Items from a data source
<<<<

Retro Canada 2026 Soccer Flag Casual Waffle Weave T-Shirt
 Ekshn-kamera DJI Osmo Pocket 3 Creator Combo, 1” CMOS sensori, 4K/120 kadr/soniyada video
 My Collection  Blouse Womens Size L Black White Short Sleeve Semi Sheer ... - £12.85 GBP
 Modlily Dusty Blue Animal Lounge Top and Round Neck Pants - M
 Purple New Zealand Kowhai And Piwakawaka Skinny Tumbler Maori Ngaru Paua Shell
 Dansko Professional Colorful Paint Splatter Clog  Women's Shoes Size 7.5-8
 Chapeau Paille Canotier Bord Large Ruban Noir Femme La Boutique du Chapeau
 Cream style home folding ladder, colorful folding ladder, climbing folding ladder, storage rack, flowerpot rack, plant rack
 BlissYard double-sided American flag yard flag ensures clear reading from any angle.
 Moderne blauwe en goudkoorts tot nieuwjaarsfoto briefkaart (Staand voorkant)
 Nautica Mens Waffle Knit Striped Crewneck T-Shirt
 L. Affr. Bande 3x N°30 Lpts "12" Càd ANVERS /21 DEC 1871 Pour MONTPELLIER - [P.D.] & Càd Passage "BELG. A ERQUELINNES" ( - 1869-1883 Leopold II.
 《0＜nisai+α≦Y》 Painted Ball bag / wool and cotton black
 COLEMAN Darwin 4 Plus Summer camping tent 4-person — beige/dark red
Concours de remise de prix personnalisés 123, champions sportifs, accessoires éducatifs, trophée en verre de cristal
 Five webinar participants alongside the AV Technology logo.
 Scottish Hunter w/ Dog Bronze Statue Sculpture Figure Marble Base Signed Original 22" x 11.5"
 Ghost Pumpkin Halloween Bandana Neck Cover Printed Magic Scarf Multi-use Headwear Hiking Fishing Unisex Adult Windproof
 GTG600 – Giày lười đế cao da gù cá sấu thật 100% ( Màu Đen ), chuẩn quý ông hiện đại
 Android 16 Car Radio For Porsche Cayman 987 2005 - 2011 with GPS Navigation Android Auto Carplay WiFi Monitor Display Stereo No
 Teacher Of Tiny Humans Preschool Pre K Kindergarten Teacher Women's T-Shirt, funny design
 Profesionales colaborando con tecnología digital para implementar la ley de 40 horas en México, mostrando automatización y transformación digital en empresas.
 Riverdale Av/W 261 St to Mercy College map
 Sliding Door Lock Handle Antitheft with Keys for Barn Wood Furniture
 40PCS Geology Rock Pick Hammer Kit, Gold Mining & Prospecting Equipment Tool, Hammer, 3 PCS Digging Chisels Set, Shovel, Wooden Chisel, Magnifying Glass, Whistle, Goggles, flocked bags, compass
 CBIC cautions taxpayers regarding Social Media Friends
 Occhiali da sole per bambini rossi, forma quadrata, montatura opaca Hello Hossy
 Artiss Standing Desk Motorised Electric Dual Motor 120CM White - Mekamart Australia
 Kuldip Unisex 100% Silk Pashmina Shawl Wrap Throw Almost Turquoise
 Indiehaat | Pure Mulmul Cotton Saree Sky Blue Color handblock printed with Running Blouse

>>>>

AIM OF THE TASK
Return exactly the lines of the data, and only those, from the line with "Sliding Door Lock" through the last line, inclusive.

YOUR SOLUTION
 Sliding Door Lock Handle Antitheft with Keys for Barn Wood Furniture
 40PCS Geology Rock Pick Hammer Kit, Gold Mining & Prospecting Equipment Tool, Hammer, 3 PCS Digging Chisels Set, Shovel, Wooden Chisel, Magnifying Glass, Whistle, Goggles, flocked bags, compass
 CBIC cautions taxpayers regarding Social Media Friends
 Occhiali da sole per bambini rossi, forma quadrata, montatura opaca Hello Hossy
 Artiss Standing Desk Motorised Electric Dual Motor 120CM White - Mekamart Australia
 Kuldip Unisex 100% Silk Pashmina Shawl Wrap Throw Almost Turquoise
 Indiehaat | Pure Mulmul Cotton Saree Sky Blue Color handblock printed with Running Blouse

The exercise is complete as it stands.